What this task involves
Give back the whole listing exactly as written, leaving out each picture.

Data
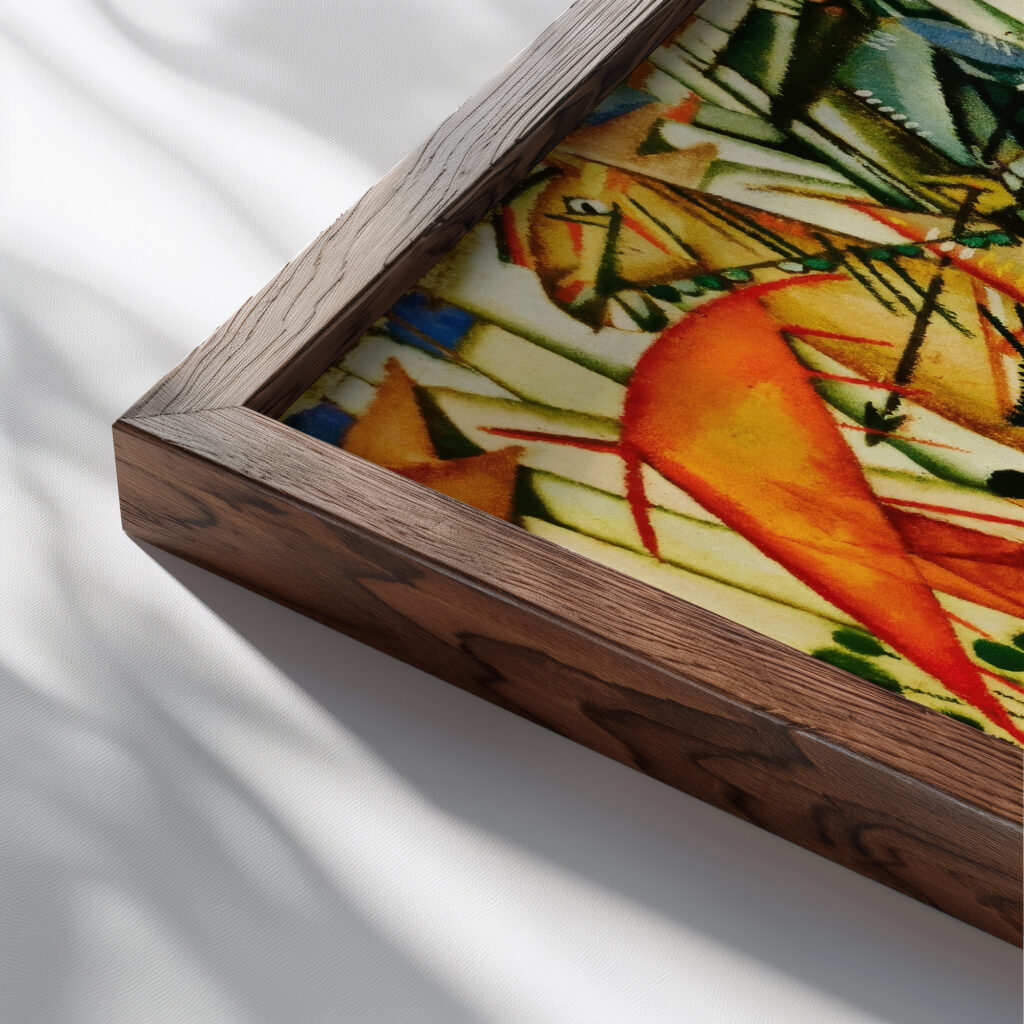 Corpus Christi Procession 1913 Amadeo de Souza Cardoso close up dark wood mockup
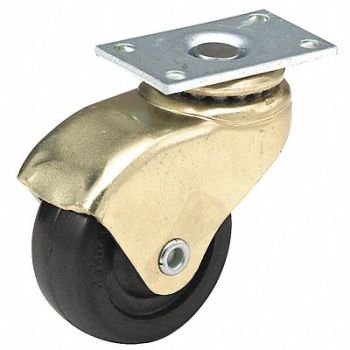 GRAINGER APPROVED Standard Plate Caster Swivel 75 lb., 3A777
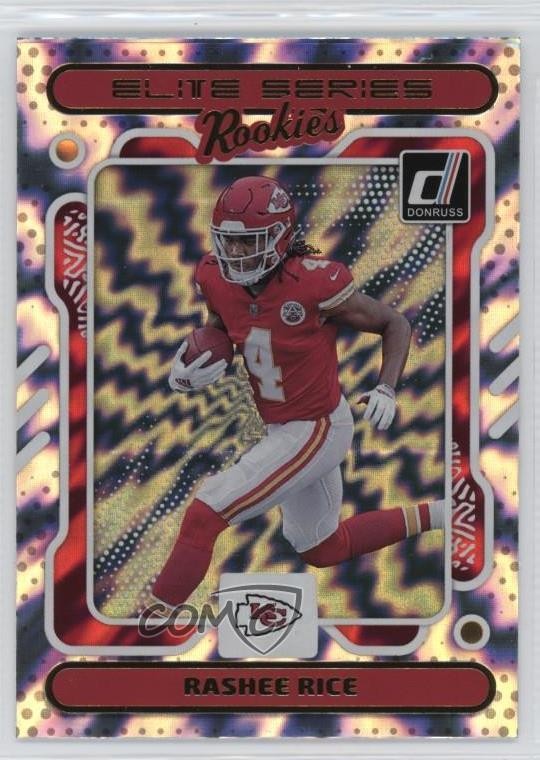 2023 Panini Donruss The Elite Series Rookies Rashee Rice #17 RC 1n3q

Result of this task
 Corpus Christi Procession 1913 Amadeo de Souza Cardoso close up dark wood mockup
 GRAINGER APPROVED Standard Plate Caster Swivel 75 lb., 3A777
 2023 Panini Donruss The Elite Series Rookies Rashee Rice #17 RC 1n3q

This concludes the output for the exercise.